As noted today on Compliance Week's Scuttlebutt blog, Margaret Cole of the UK's FSA is stepping down after seven years with that agency. Through the years, Cole has served many roles with the FSA, most notably that of director of enforcement. In April 2011, Cole became the interim managing director of the Conduct Business Unit, which will become the Financial Conduct Authority under the new regulatory structure. 

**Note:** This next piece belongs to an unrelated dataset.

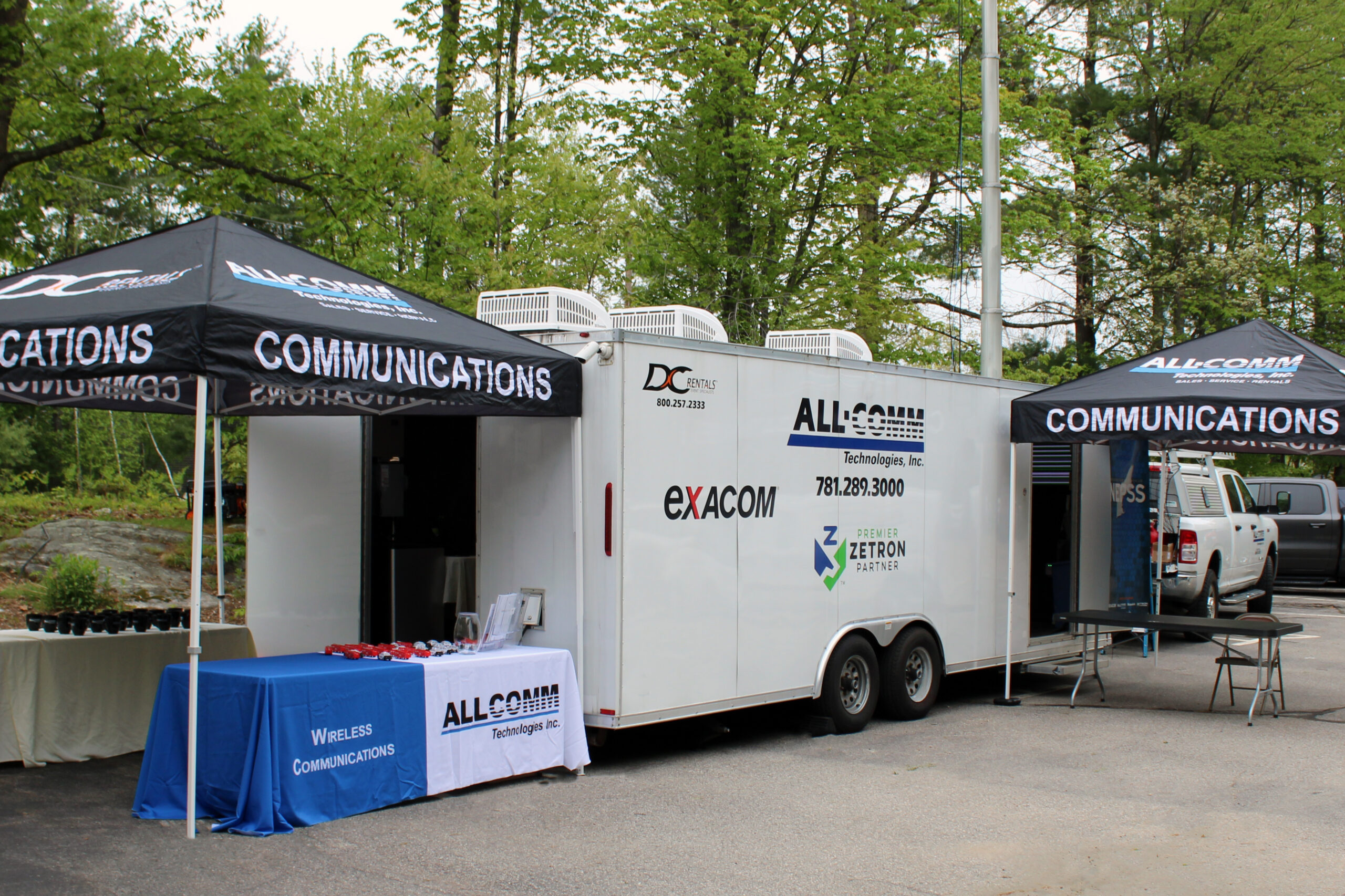 Lunch & Tour Mobile ECC Trailer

During Cole's seven years with the regulator, the FSA has exhibited a notable shift in its approach enforcement. For many years, the FSA prided itself on its philosophy of “light touch,” principle-based regulation. In a speech in October 2006, Cole argued that this “light touch” had helped London become the world's leading center for mobile capital. As I wrote about that speech in a column back in 2010, Cole

emphasized that the FSA was simply not an “enforcement-led regulator,” and boasted that it resorted to enforcement measures only “strategically, for the most egregious cases.” Enforcement, she said, was just “one of a range of tools available to deal with non-compliant behavior,” and not even the most widely used.

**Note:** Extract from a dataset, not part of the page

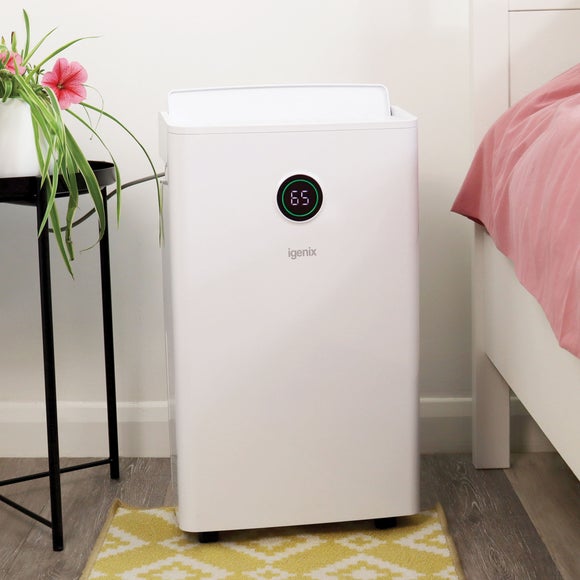 View Igenix 20l Dehumidifier View Igenix 20l Dehumidifier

... Cole made a point to note that the FSA had used its criminal powers against someone who had committed market abuse only once in its history. She said that cultural and environmental differences between Britain and the United States helped explain the nations' “different appetite for prosecution of major corporate and financial scandals;” she seemed to take pride in the fact that her team of 280 enforcement staffers were just 8 percent of the total staff at the FSA, while the Division of Enforcement makes up more than half the personnel at the U.S. Securities and Exchange Commission. Cole's overall message to regulated entities seemed clear: Don't worry—unlike the SEC, we'll leave you alone unless you go way across the line.

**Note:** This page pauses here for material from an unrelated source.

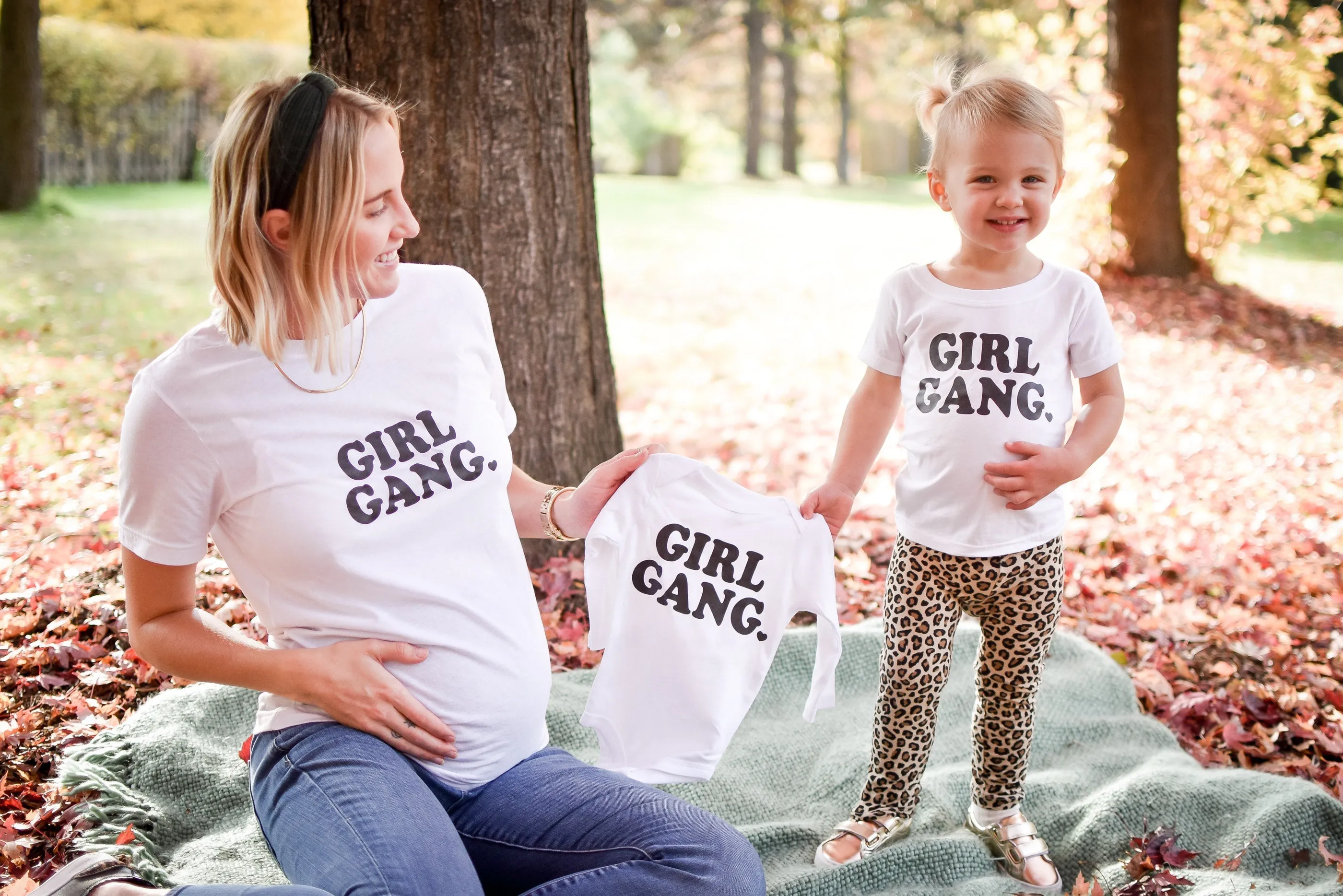 Girl Gang - Kid's   Toddler Onesies and Tees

By 2009, however, the FSA, like the SEC, was under intense scrutiny stemming from the financial crisis, and decided it needed to make a dramatic change. As the FSA's CEO at the time, Hector Sants, put it: “There is a view that people are not frightened of the FSA. I can assure you that this is a view I am determined to correct. People should be very frightened of the FSA.”

Since the change in philosophy in 2009, Cole aggressively led the FSA to bring more enforcement actions, including a barrage of criminal insider trading cases (previously unheard of in the UK); government "swoops" where dozens of FSA agents and London police officers raided London businesses to execute arrests and search warrants; and tougher penalties for financial crimes.

The Telegraph reports that Cole's decision to leave the FSA comes after she was not offered the top job at the Financial Conduct Authority when it succeeds the FSA in 2013. Cole reportedly has not decided where she will go after leaving the FSA, and will "continue to work at the FSA for a limited period of time before going on six months' gardening leave."